Période/Production 1993-1997 / 1 936 ex. Moteur V12 alliage, 5 474 cm3, 2 ACT par banc ; 442 ch à 6 250 tr/mn ; 56 mkg à 4 500 tr/mn Transmission automatique 4 rapports, propulsion Suspension ind., triangles inégaux, ar. correcteur d’assiette ; ressorts hélicoïdaux, barres antiroulis, am. télescopiques Direction à crémaillère, assistance Freins disques ventilés Poids 1 690 kg 0-100 km/h 5,1 s Vitesse maxi 300 km/h

© Classic & Sports Car / Tony Baker

Les constructeurs ont souvent cherché l’inspiration dans leurs anciens catalogues. La surprise, chez Ferrari, est qu’il a fallu attendre longtemps pour voir apparaître une véritable héritière de la Daytona, après les incursions vers le moteur central. Lancée au Salon de Paris 1992, la 456 constituait un retour à une architecture plus conventionnelle, avec V12 à l’avant et boîte transaxle.
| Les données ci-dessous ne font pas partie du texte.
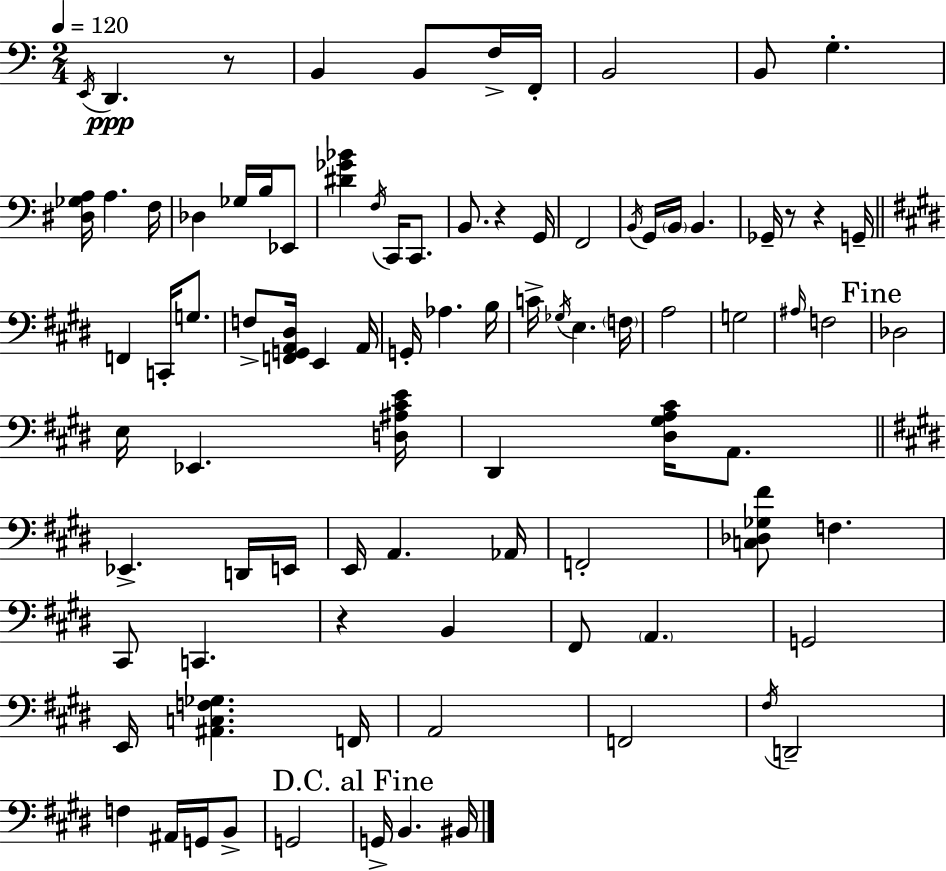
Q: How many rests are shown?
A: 5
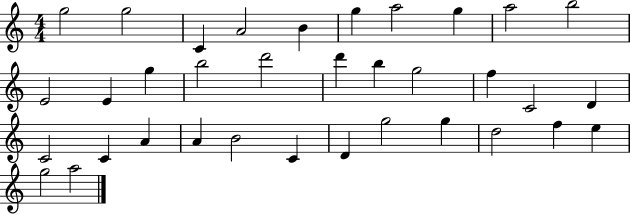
{
  \clef treble
  \numericTimeSignature
  \time 4/4
  \key c \major
  g''2 g''2 | c'4 a'2 b'4 | g''4 a''2 g''4 | a''2 b''2 | \break e'2 e'4 g''4 | b''2 d'''2 | d'''4 b''4 g''2 | f''4 c'2 d'4 | \break c'2 c'4 a'4 | a'4 b'2 c'4 | d'4 g''2 g''4 | d''2 f''4 e''4 | \break g''2 a''2 | \bar "|."
}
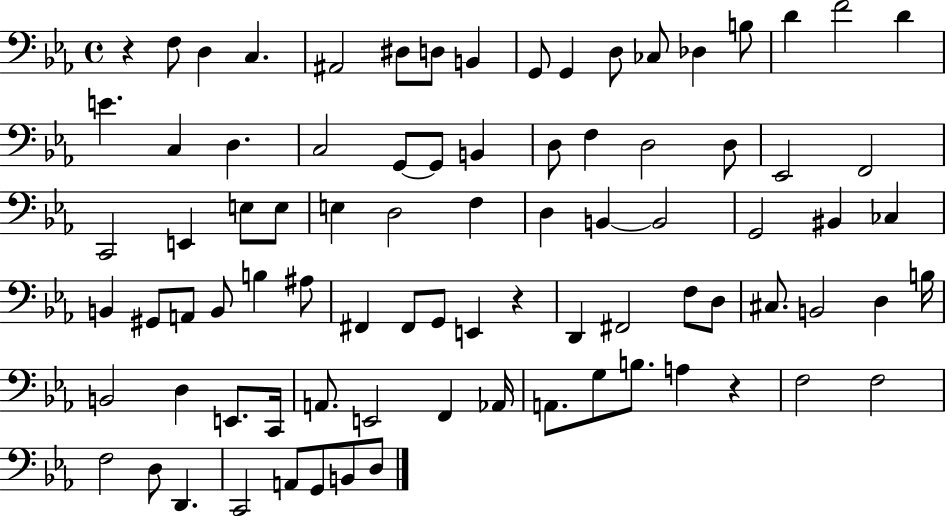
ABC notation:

X:1
T:Untitled
M:4/4
L:1/4
K:Eb
z F,/2 D, C, ^A,,2 ^D,/2 D,/2 B,, G,,/2 G,, D,/2 _C,/2 _D, B,/2 D F2 D E C, D, C,2 G,,/2 G,,/2 B,, D,/2 F, D,2 D,/2 _E,,2 F,,2 C,,2 E,, E,/2 E,/2 E, D,2 F, D, B,, B,,2 G,,2 ^B,, _C, B,, ^G,,/2 A,,/2 B,,/2 B, ^A,/2 ^F,, ^F,,/2 G,,/2 E,, z D,, ^F,,2 F,/2 D,/2 ^C,/2 B,,2 D, B,/4 B,,2 D, E,,/2 C,,/4 A,,/2 E,,2 F,, _A,,/4 A,,/2 G,/2 B,/2 A, z F,2 F,2 F,2 D,/2 D,, C,,2 A,,/2 G,,/2 B,,/2 D,/2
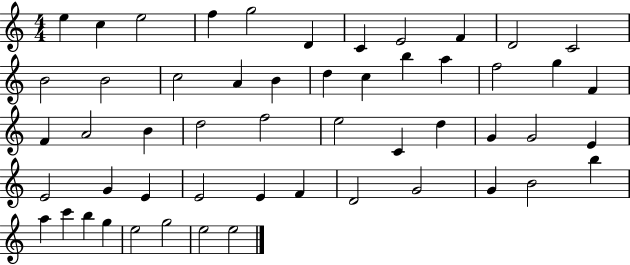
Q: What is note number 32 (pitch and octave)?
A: G4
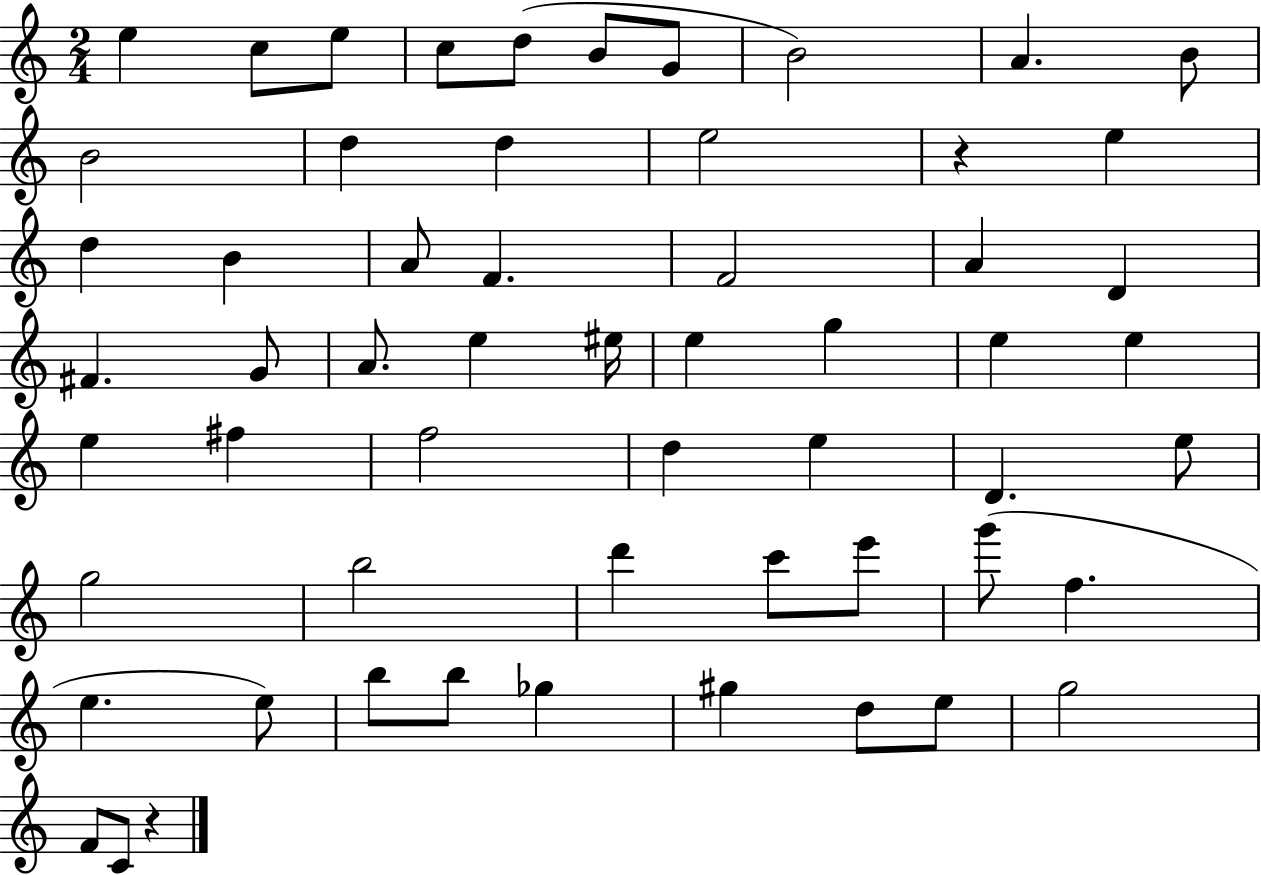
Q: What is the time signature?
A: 2/4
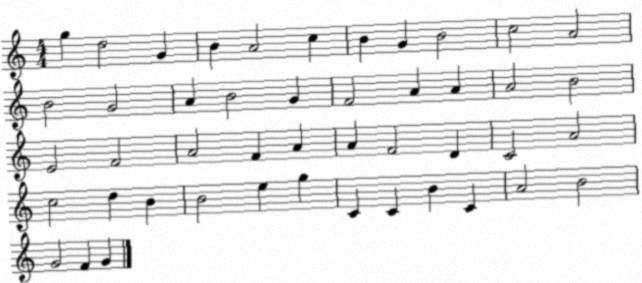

Avec un long capot, des phares escamotables et quatre feux arrière, la comparaison avec sa devancière était plus que mécanique. A l’époque, le prix de cette voiture, le plus élevé pour la marque, représentait deux fois celui d’une Maserati. La 456 est encore aujourd’hui la plus chère de notre sélection : l’époque des beaux exemplaires à 30 000 € est malheureusement révolue.

© Classic & Sports Car / Tony Baker

Le dessin de Pininfarina parvient à atténuer les dimensions de la voiture, mais oserais-je dire qu’elle est un peu pataude à côté de la 3200 et de la DB7 ? Et moins imposante (en tout cas de l’arrière) que la BMW. Je peux sembler dur avec la 456, mais j’aime en parler sans artifice et cette voiture est extrêmement facile à conduire. Le V12 est tellement surdimensionné qu’en ville il dépasse à peine le régime de ralenti, avec un grondement feutré qui vous rappelle ce dont vous disposez sous le capot. La direction à assistance variable est légère, les changements de rapports presque imperceptibles et la suspension gomme avec assurance les imperfections de la chaussée.
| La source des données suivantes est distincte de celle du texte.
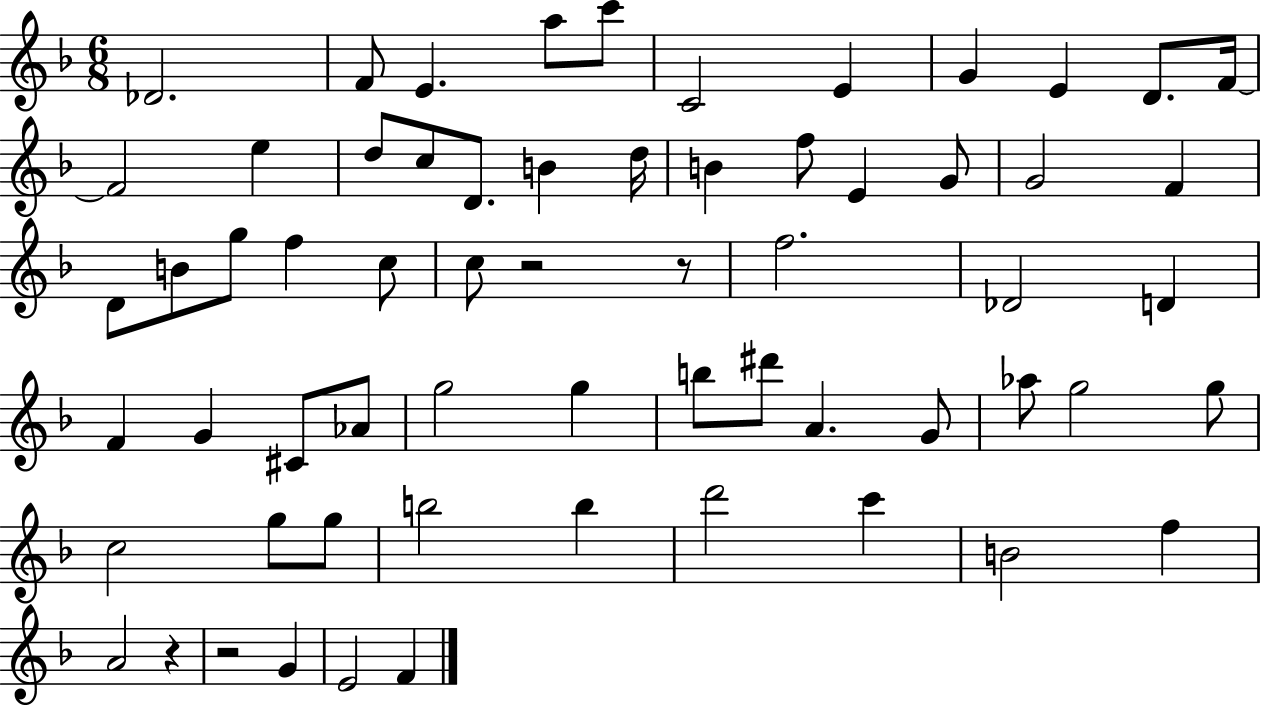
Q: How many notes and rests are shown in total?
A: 63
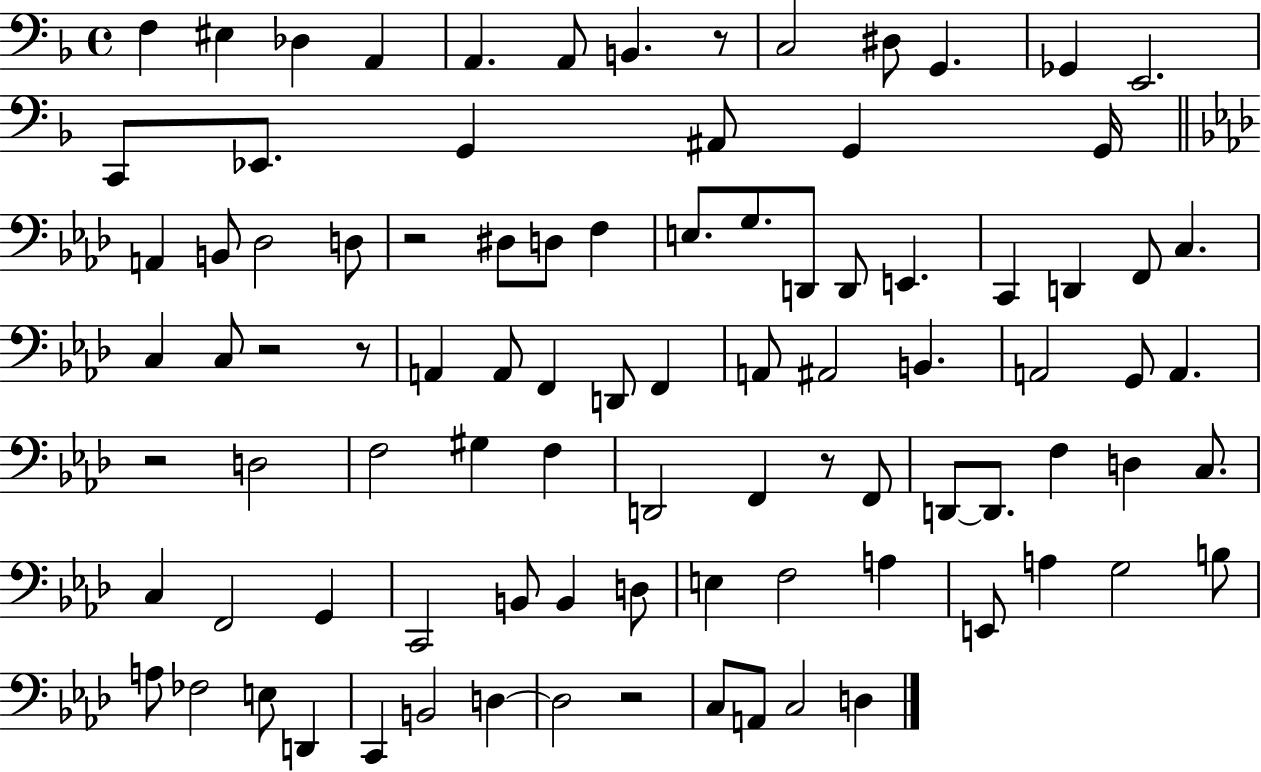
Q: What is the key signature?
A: F major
Mais si, après avoir trouvé une route déserte, vous écrasez l’accélérateur, alors la bête se transforme. Ses 442 ch la propulsent avec une énergie qui fait sérieusement douter de son poids. En fait, elle affiche la puissance d’un cheval de trait délivrée avec l’efficacité d’un pur-sang, et elle écrase ses congénères au niveau performances.
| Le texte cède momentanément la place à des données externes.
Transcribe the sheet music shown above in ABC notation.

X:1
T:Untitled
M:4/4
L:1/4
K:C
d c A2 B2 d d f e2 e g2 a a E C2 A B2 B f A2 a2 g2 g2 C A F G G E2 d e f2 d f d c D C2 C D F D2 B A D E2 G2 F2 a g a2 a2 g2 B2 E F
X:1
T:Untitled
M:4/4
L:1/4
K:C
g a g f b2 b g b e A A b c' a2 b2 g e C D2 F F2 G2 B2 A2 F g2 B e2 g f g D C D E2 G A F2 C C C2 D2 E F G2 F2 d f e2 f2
© Classic & Sports Car / Tony Baker

D’ailleurs, à cause de ses manières impeccables, vous vous trouvez sans crier gare devant votre premier virage à une allure totalement inappropriée. Les freins viennent à votre secours et, une fois la vitesse sous contrôle, la voiture montre une excellente adhérence.

Sur notre piste d’essai, à 130 km/h le moteur tourne à 2 500 tr/mn. Il dévore les kilomètres, mais ne commence à vous faire vraiment vibrer qu’au-dessus de 5 500 tr/mn. Il peut sembler un peu lointain à basse vitesse, mais si vous rétrogradez la boîte automatique en « 3 » ou « 2 », le gros V12 manifeste alors un caractère beaucoup plus racé. Et si vous trouvez une route suffisamment longue et sans limitation de vitesse, vous profiterez des performances largement hors du commun. D’ailleurs, malgré son prix élevé, la 456 est sans doute ici le meilleur choix. Et si vous souhaitez rester discret, c’est la Ferrari qui le permet le mieux.

A surveiller :
• Un bon historique d’entretien est fondamental : vérifiez les travaux effectués, quand et par qui.
• Le système de correction d’assiette arrière peut fuir. Compter près de 1 000 € par côté pour un ensemble reconditionné, installé par un spécialiste indépendant.
• Les vitres électriques peuvent se dérégler et nécessiter un ajustement ou un remplacement du mécanisme.